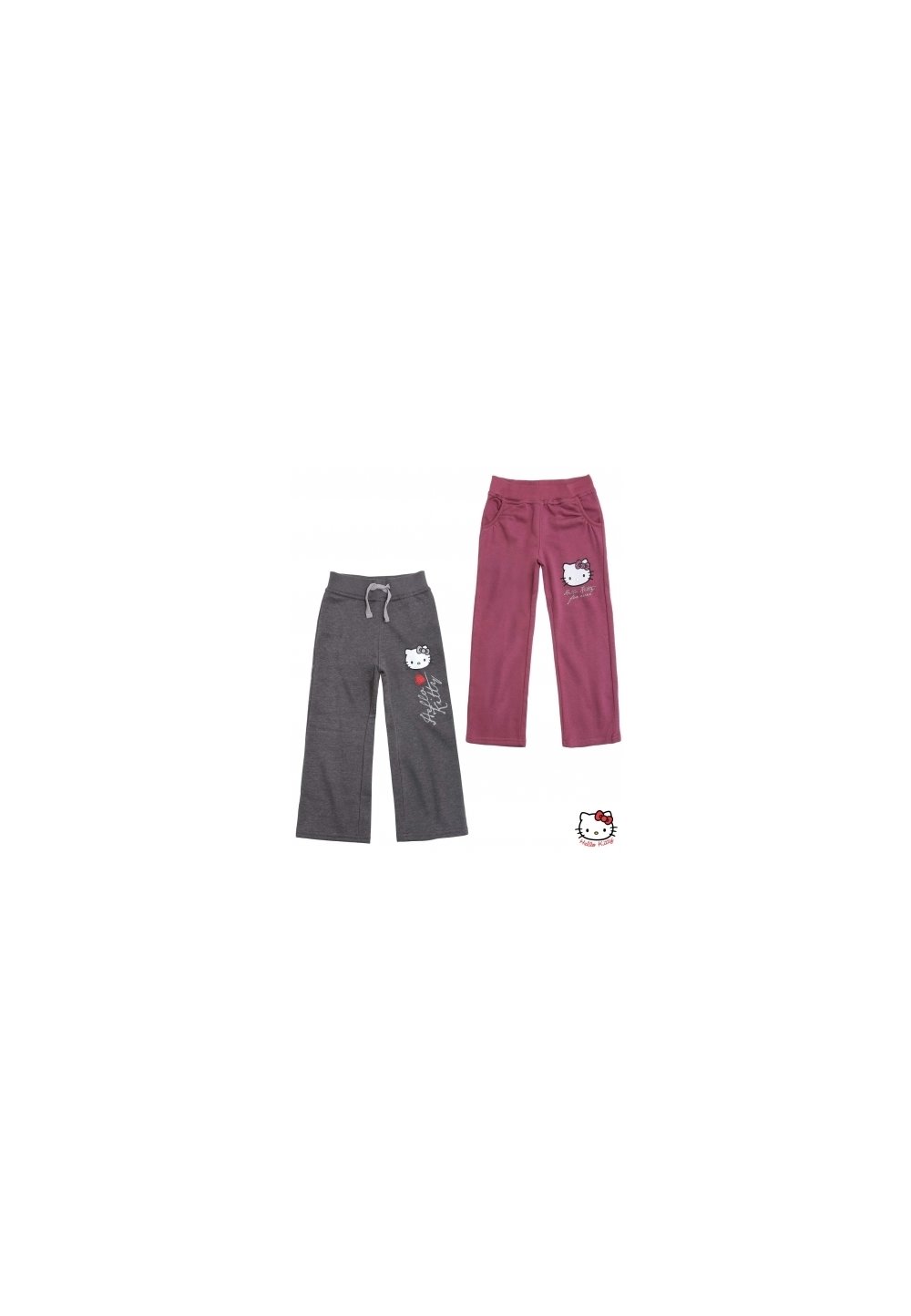 Pantaloni hello kitty gri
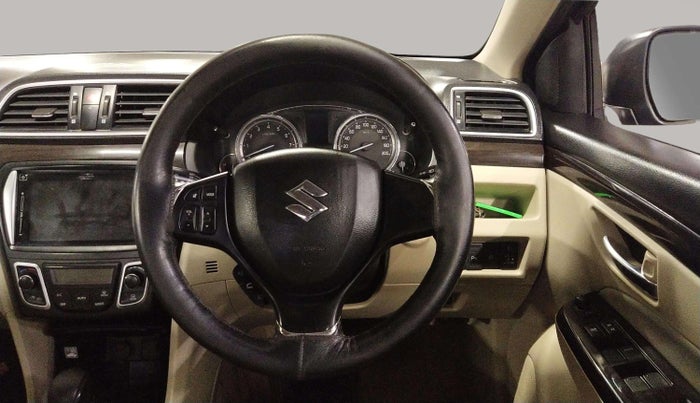 2018 Maruti Ciaz ALPHA  AT 1.4  PETROL, Petrol, Automatic, 86,635 km, Steering Wheel Close Up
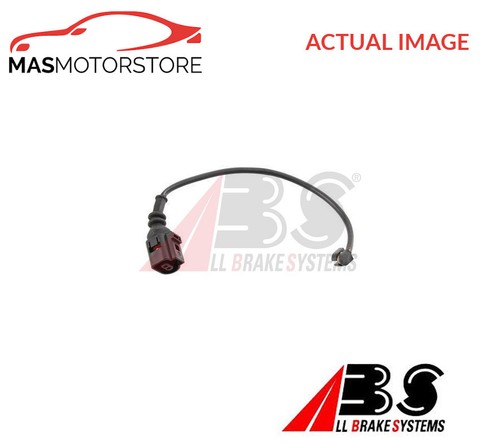Brake pad wear sensor warning - wear,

How to complete this task: Please write out the lines from the one that holds "2018 Maruti Ciaz" through the end of the material, both ends included, exactly and with no pictures.

Your response:
 2018 Maruti Ciaz ALPHA  AT 1.4  PETROL, Petrol, Automatic, 86,635 km, Steering Wheel Close Up
Brake pad wear sensor warning - wear,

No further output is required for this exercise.